First backup the index

  1. If there are no files in the index directory (apart from directories), go to step 7.
  2. Copy the index/indexmap file to the backup. If the source file does not exist, repeat until it does.
  3. Make a list indexFiles of all the index/<GUID> and index/<GUID>.bloomfilter files in the source.
  4. Copy the files listed in indexFiles to the backup, skipping file names already in the backup.
  5. Compare the contents of the indexmap file in the source and the backup. If they are different (i.e. the indexmap file has changed since step 2, or no longer exists), go back to step 2.
  6. Remove index/<GUID> and index/<GUID>.bloomfilter files from the backup that are not listed in indexFiles.
  7. Copy the index/stream-existence/streamExistenceFilter.chk file (if present) to the backup.
  8. Copy the index/stream-existence/streamExistenceFilter.dat file (if present) to the backup.
  9. Copy the index/scavenging/scavenging.db file (if present) to the backup. It should be the only file in the directory.

Then backup the log

  1. Rename the last chunk in the backup to have a .old suffix. e.g. rename chunk-000123.000000 to chunk-000123.000000.old
  2. Copy chaser.chk to the backup.
  3. Copy epoch.chk to the backup.
  4. Copy writer.chk to the backup.
  5. Copy proposal.chk to the backup.
  6. Make a list chunkFiles of all chunk files (chunk-X.Y) in the source.
  7. Copy the files listed in chunkFiles to the backup, skipping file names already in the backup. All files should copy successfully - none should have been deleted since scavenge is not running.
  8. Remove any chunks from the backup that are not in the chunksFiles list. This will include the .old file from step 1.

Restore

  1. Ensure the Event Store DB process is stopped. Restoring a database on running instance is not possible and, in most cases, will lead to data corruption.
  2. Copy all files to the desired location.
  3. Create a copy of chaser.chk and call it truncate.chk.

Other options

There are other options available for ensuring data recovery, that are not strictly related to backups.

Additional node (aka Hot Backup)

Increase the cluster size from 3 to 5 to keep further copies of data. This increase in the cluster size will slow the cluster's writing performance as two follower nodes will need to confirm each write.

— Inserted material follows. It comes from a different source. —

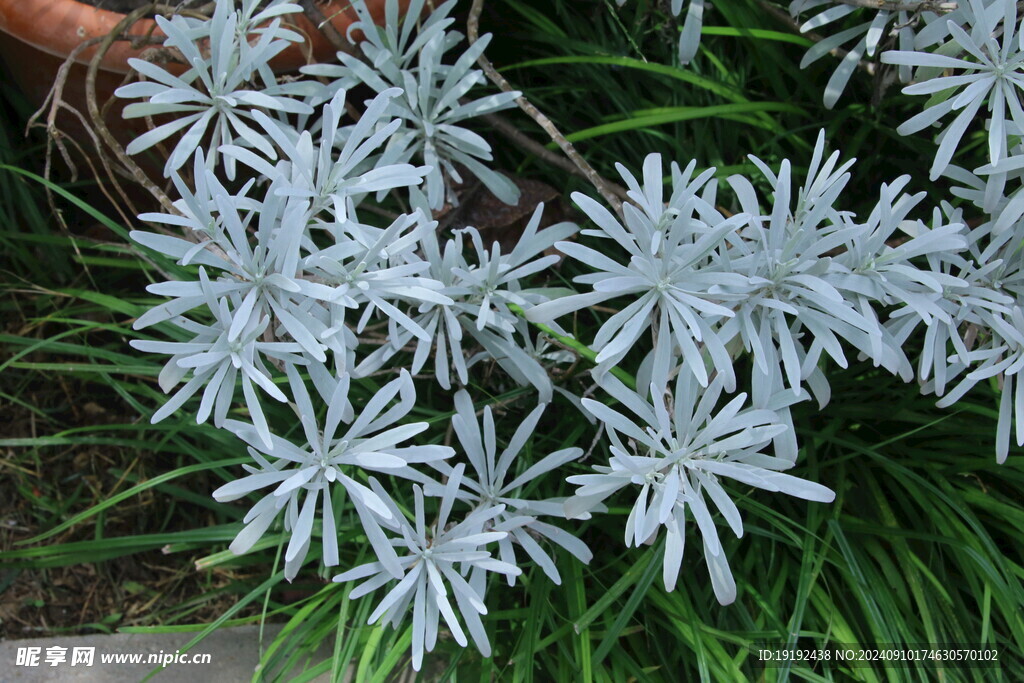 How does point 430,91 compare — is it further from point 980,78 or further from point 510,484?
point 980,78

Alternatively, you can use a read-only replica node, which is not a part of the cluster. In this case, the write performance will be minimally impacted.

Alternative storage

Set up a durable subscription that writes all events to another storage mechanism such as a key/value or column store. These methods would require a manual set up for restoring a cluster node or group.

Backup cluster

Use a second EventStoreDB cluster as a backup. Such a strategy is known as a primary/secondary back up scheme.

The primary cluster asynchronously pushes data to the second cluster using a durable subscription. The second cluster is available in case of a disaster on the primary cluster.

If you are using this strategy, we recommend you only support manual fail over from primary to secondary as automated strategies risk causing a split brainopen in new window problem.